──────── Supplied material ────────

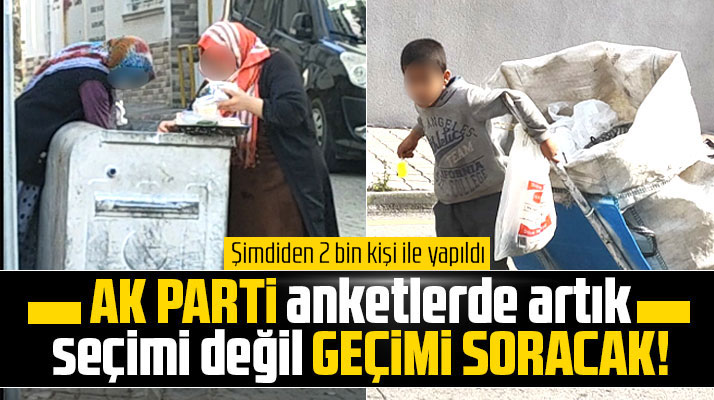 AK Parti anketlerde artık seçimi değil, geçimi soracak!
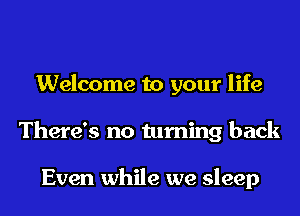 Welcome to your life
There's no turning back

Even while we sleep
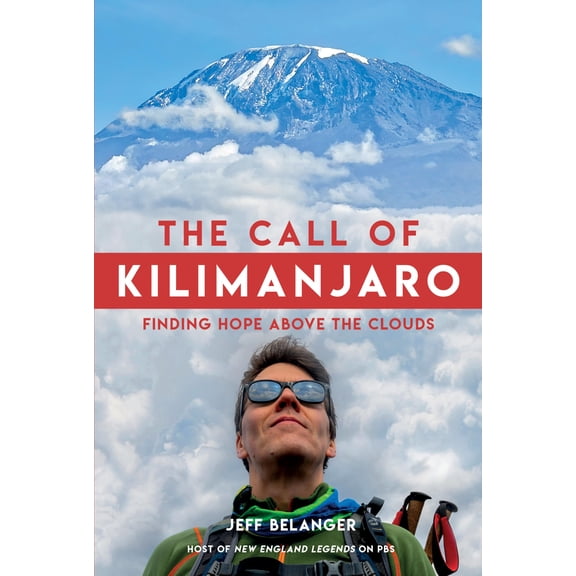 Pre-Owned The Call of Kilimanjaro: Finding Hope Above the Clouds (Hardcover) 1623545110 9781623545116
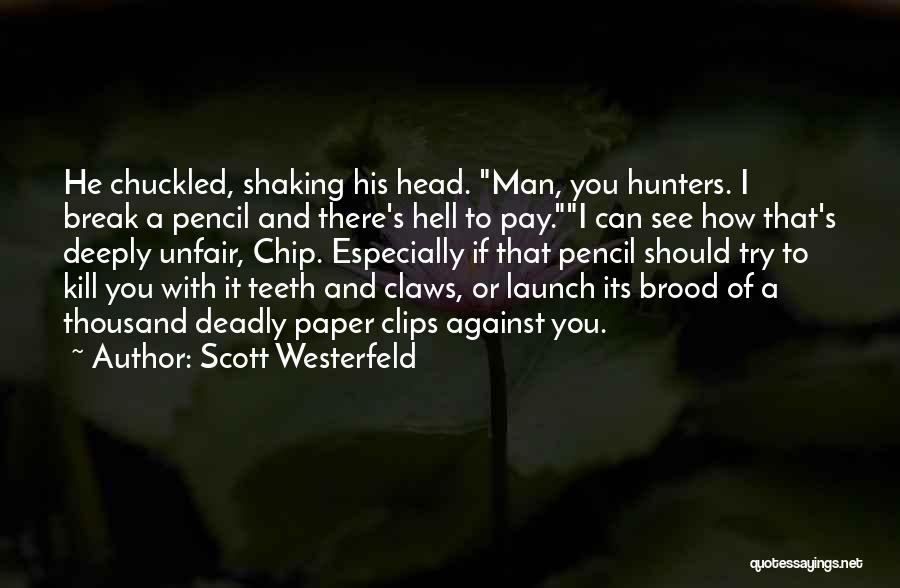 Scott Westerfeld Quotes: He Chuckled, Shaking His Head. Man, You Hunters. I Break A Pencil And There's Hell To Pay.i Can See How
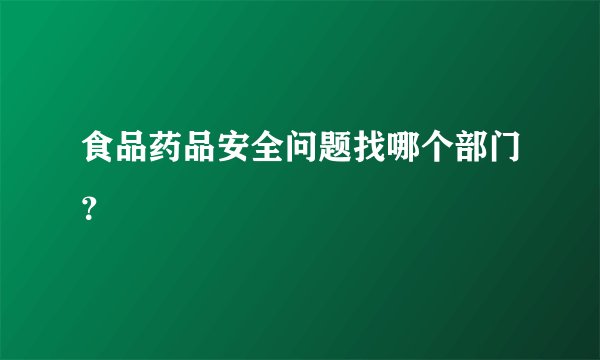 食品药品安全问题找哪个部门？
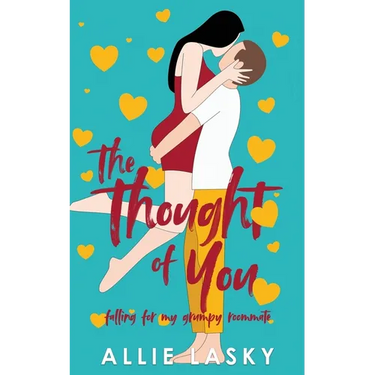 The Thought of You: Falling for My Grumpy Roommate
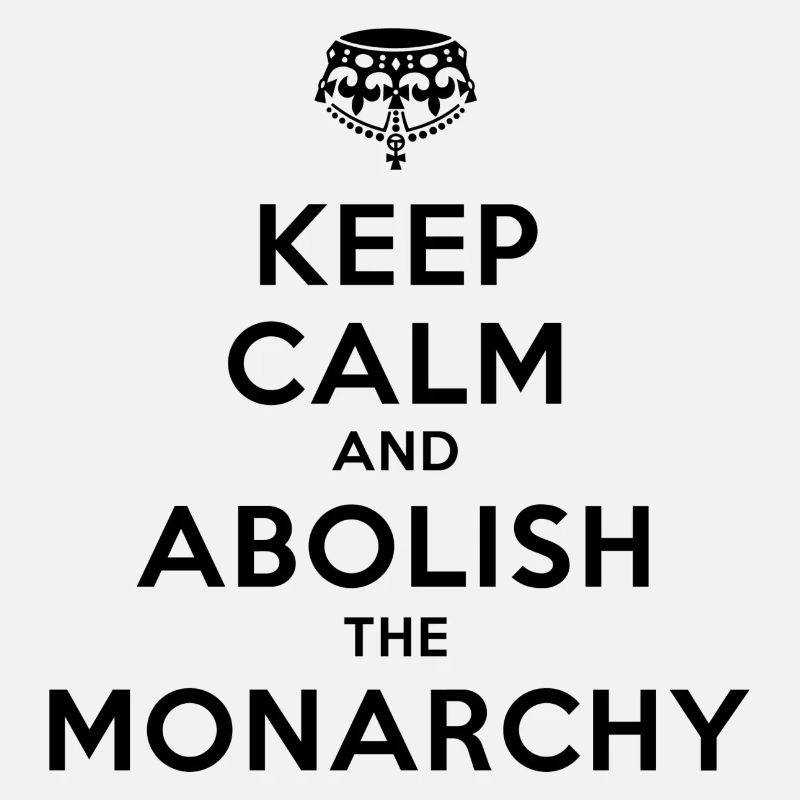 Keep Calm and Abolish the Monarchy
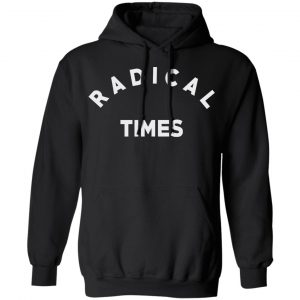 Radical Times Shirt, Hoodie, Tank 22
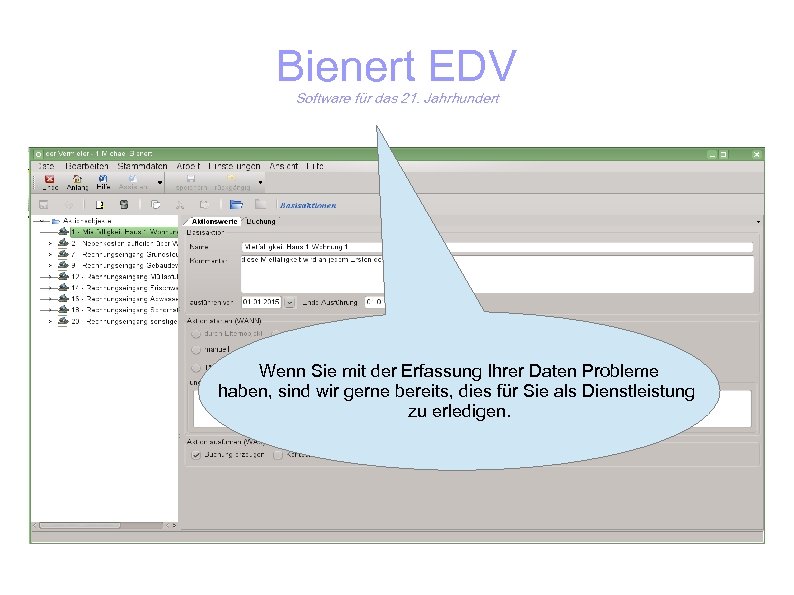 Bienert EDV Software für das 21. Jahrhundert Wenn Sie mit der Erfassung Ihrer Daten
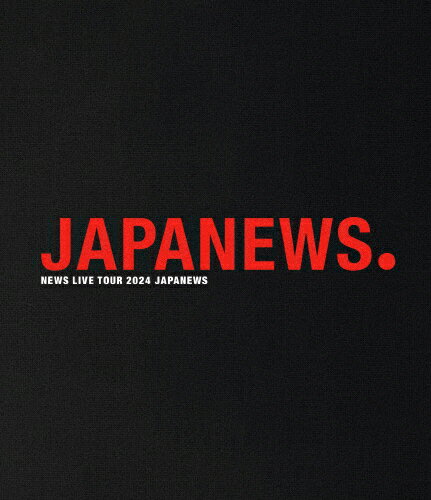 ̵NEWS LIVE TOUR 2024 JAPANEWS(̾)Blu-ray/NEWS[Blu-ray]ʼA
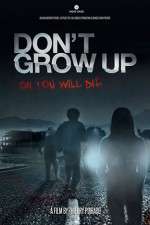 Watch Don't Grow Up Xmovies8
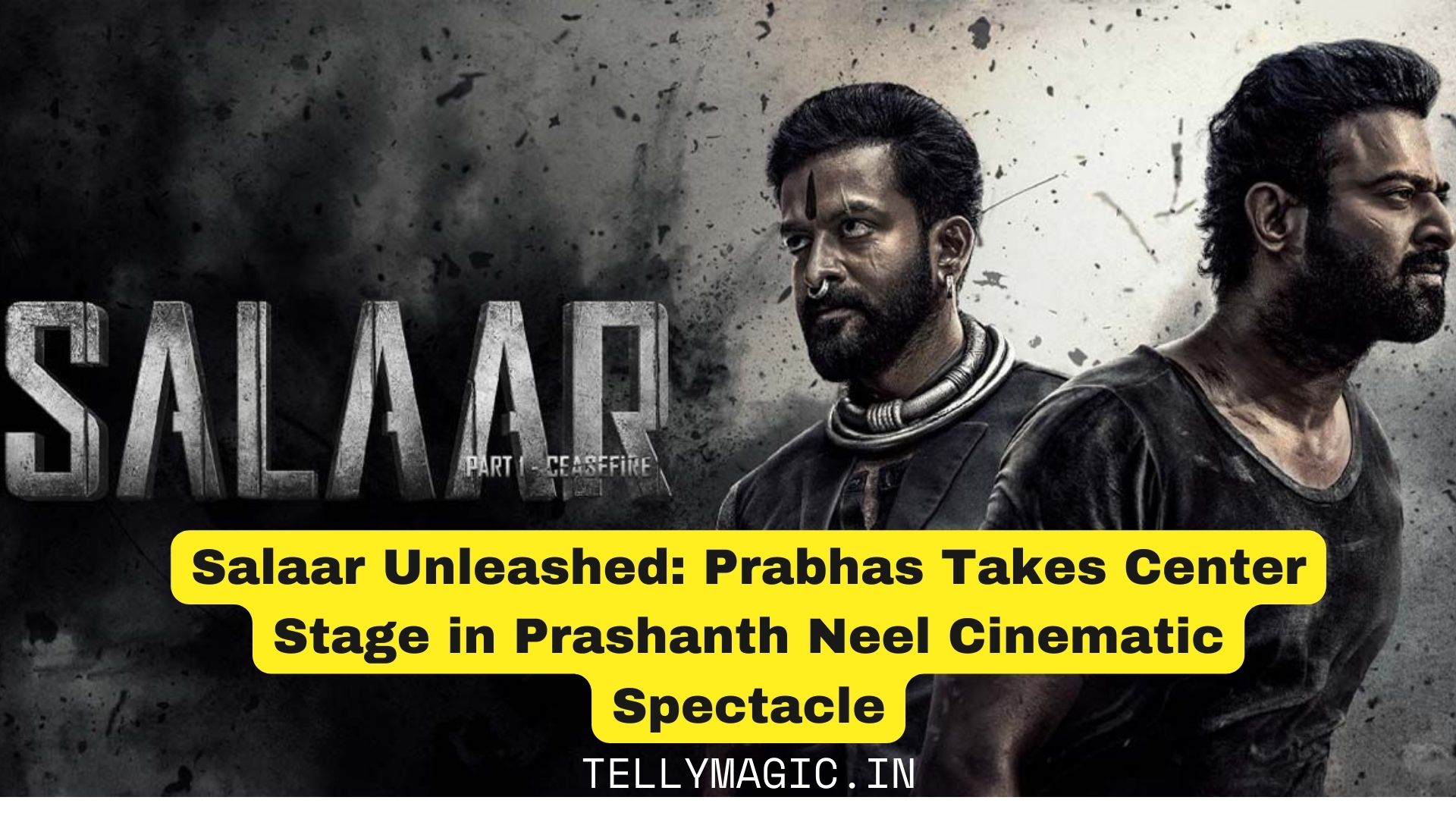 Salaar Unleashed: Prabhas Takes Center Stage in Prashanth Neel Cinematic Spectacle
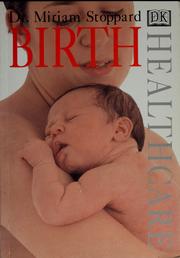 Cover of: Birth (Healthcare) by Miriam Stoppard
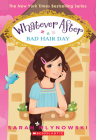 Bad Hair Day (Whatever After #5) By Sarah Mlynowski Cover Image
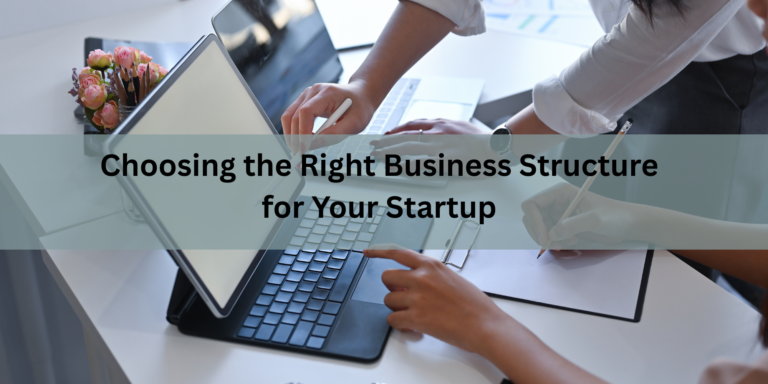 Choosing the Right Business Structure for Your Startup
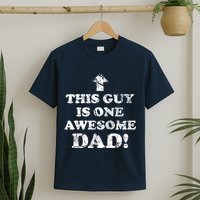 This Guy is One Awesome Dad Distressed T-Shirt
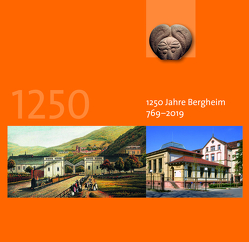 1250 Jahre Bergheim 769 – 2019 von Bauer,  Jo-Hannes, Mumm,  Hans-Martin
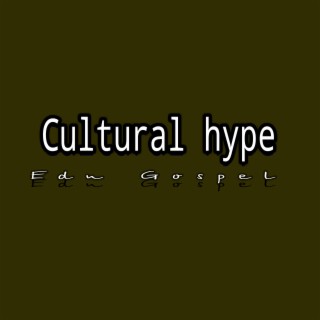 Cultural Hype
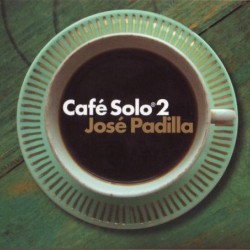 CAFE SOLO 2 JOSE PADILLA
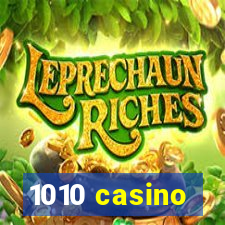1010 casino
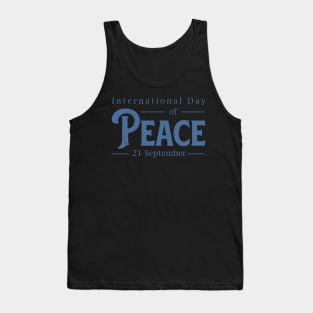 International Day of Peace Shirt World Peace Day 21 Sept Tank Top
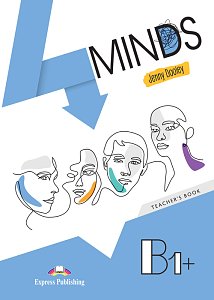 4Minds B1+ - Teacher's Book (interleaved)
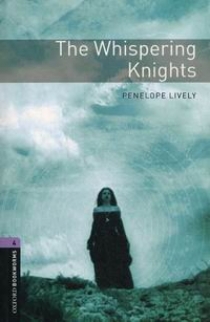 Retold by Clare West, Penelope Lively OBL 4: The Whispering Knights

────────

**Problem to work on:** Every line above should be copied exactly, apart from any pictures.

**Solution for this problem:**
 AK Parti anketlerde artık seçimi değil, geçimi soracak!
 Welcome to your life
There's no turning back

Even while we sleep
 Pre-Owned The Call of Kilimanjaro: Finding Hope Above the Clouds (Hardcover) 1623545110 9781623545116
 Scott Westerfeld Quotes: He Chuckled, Shaking His Head. Man, You Hunters. I Break A Pencil And There's Hell To Pay.i Can See How
 食品药品安全问题找哪个部门？
 The Thought of You: Falling for My Grumpy Roommate
 Keep Calm and Abolish the Monarchy
 Radical Times Shirt, Hoodie, Tank 22
 Bienert EDV Software für das 21. Jahrhundert Wenn Sie mit der Erfassung Ihrer Daten
 ̵NEWS LIVE TOUR 2024 JAPANEWS(̾)Blu-ray/NEWS[Blu-ray]ʼA
 Watch Don't Grow Up Xmovies8
 Salaar Unleashed: Prabhas Takes Center Stage in Prashanth Neel Cinematic Spectacle
 Cover of: Birth (Healthcare) by Miriam Stoppard
 Bad Hair Day (Whatever After #5) By Sarah Mlynowski Cover Image
 Choosing the Right Business Structure for Your Startup
 This Guy is One Awesome Dad Distressed T-Shirt
 1250 Jahre Bergheim 769 – 2019 von Bauer,  Jo-Hannes, Mumm,  Hans-Martin
 Cultural Hype
 CAFE SOLO 2 JOSE PADILLA
1010 casino
 International Day of Peace Shirt World Peace Day 21 Sept Tank Top
 4Minds B1+ - Teacher's Book (interleaved)
 Retold by Clare West, Penelope Lively OBL 4: The Whispering Knights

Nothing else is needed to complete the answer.